● **Directions for this task**
Copy exactly the lines of the material below that fall between the line with "Snapshot of dottletop" and the line with "Première orage au", both of those lines included; pictures stay out.

● **Excerpted data**
-- Opening Marker --

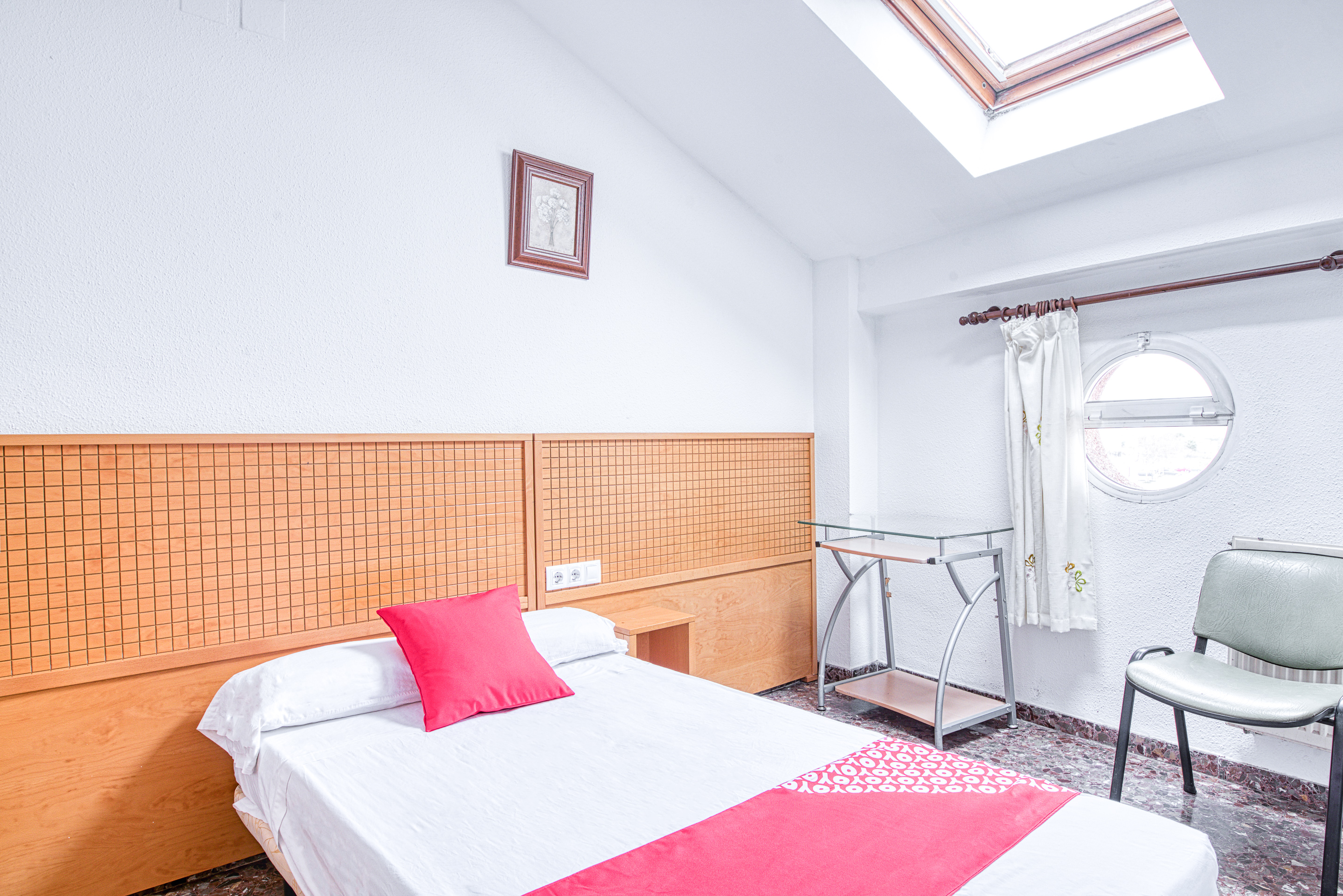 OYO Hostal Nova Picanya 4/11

-- Closing Marker --
-- Opening Marker --

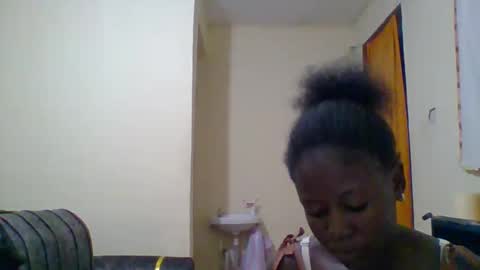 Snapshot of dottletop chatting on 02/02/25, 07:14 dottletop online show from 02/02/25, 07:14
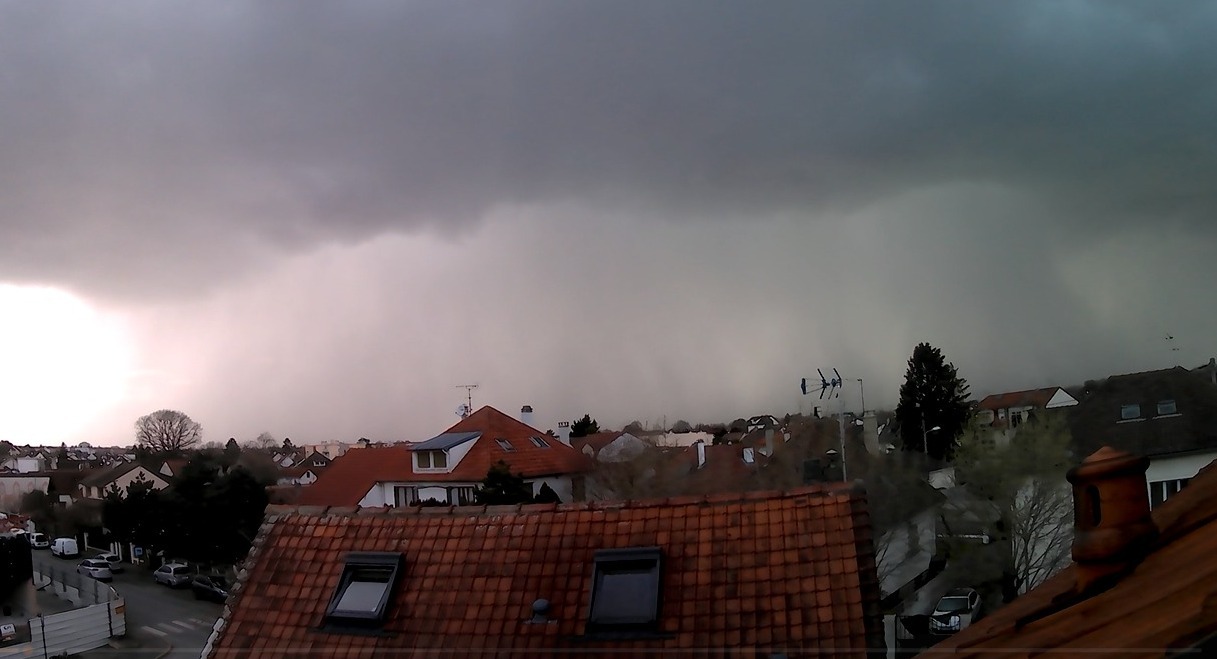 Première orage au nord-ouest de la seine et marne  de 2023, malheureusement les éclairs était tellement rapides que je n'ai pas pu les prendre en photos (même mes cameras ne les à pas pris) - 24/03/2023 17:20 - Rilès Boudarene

-- Closing Marker --

● **Response to this task**
 Snapshot of dottletop chatting on 02/02/25, 07:14 dottletop online show from 02/02/25, 07:14
 Première orage au nord-ouest de la seine et marne  de 2023, malheureusement les éclairs était tellement rapides que je n'ai pas pu les prendre en photos (même mes cameras ne les à pas pris) - 24/03/2023 17:20 - Rilès Boudarene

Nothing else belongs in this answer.